## Task item
The lines from the one holding "ANALYSIS AND PROBLEM" to the end of the records below, exactly as written, are the only thing to return.

Saved data entries:
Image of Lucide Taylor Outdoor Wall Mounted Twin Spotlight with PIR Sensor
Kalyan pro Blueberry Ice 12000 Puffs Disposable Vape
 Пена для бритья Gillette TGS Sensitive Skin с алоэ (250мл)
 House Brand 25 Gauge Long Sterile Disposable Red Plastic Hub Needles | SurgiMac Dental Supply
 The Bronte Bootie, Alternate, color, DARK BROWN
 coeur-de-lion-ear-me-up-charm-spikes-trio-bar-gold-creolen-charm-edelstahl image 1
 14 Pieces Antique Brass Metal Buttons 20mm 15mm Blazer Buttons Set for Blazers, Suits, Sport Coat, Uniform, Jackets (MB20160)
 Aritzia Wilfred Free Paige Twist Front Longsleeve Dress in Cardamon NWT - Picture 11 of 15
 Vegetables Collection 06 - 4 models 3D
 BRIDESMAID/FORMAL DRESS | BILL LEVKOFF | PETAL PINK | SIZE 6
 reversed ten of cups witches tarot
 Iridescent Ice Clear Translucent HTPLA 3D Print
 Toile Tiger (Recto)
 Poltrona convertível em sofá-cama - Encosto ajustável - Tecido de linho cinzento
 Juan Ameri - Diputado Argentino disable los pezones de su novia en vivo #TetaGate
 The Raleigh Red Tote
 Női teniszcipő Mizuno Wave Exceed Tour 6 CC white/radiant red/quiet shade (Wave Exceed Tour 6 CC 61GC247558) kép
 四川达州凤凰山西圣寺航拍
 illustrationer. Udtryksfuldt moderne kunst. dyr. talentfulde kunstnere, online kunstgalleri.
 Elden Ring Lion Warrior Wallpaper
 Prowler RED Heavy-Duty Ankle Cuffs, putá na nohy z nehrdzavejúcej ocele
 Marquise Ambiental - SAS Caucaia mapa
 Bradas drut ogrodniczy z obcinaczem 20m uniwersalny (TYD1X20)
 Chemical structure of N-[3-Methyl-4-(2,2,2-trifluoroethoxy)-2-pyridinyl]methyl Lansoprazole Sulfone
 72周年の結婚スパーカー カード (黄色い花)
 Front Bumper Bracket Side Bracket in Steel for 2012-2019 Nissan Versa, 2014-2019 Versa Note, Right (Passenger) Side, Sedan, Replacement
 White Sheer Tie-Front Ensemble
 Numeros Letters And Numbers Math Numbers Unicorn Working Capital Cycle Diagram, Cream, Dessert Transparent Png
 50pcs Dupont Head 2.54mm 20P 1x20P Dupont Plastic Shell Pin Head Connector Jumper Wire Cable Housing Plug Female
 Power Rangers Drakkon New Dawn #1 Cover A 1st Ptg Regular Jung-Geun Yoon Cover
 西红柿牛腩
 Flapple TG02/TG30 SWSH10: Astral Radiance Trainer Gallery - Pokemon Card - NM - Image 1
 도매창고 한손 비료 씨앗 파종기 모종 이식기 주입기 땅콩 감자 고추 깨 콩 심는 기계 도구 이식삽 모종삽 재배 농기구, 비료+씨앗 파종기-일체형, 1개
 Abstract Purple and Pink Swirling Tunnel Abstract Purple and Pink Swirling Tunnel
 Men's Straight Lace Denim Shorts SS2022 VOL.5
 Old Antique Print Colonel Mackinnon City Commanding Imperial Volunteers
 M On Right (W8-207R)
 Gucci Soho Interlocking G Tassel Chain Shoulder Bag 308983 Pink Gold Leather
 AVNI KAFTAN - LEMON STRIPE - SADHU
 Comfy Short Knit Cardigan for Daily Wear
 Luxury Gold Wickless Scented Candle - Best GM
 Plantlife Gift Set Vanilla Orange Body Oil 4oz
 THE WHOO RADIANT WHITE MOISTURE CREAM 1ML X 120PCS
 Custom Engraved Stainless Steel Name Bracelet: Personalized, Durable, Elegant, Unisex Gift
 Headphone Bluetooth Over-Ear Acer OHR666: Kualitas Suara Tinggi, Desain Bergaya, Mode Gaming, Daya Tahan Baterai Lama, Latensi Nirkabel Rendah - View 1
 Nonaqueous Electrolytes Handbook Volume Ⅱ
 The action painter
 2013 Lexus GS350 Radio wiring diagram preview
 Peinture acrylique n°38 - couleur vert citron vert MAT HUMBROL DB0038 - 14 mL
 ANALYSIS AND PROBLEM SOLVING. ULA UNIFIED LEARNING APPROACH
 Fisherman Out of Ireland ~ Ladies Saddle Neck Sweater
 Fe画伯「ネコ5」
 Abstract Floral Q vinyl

## Response
 ANALYSIS AND PROBLEM SOLVING. ULA UNIFIED LEARNING APPROACH
 Fisherman Out of Ireland ~ Ladies Saddle Neck Sweater
 Fe画伯「ネコ5」
 Abstract Floral Q vinyl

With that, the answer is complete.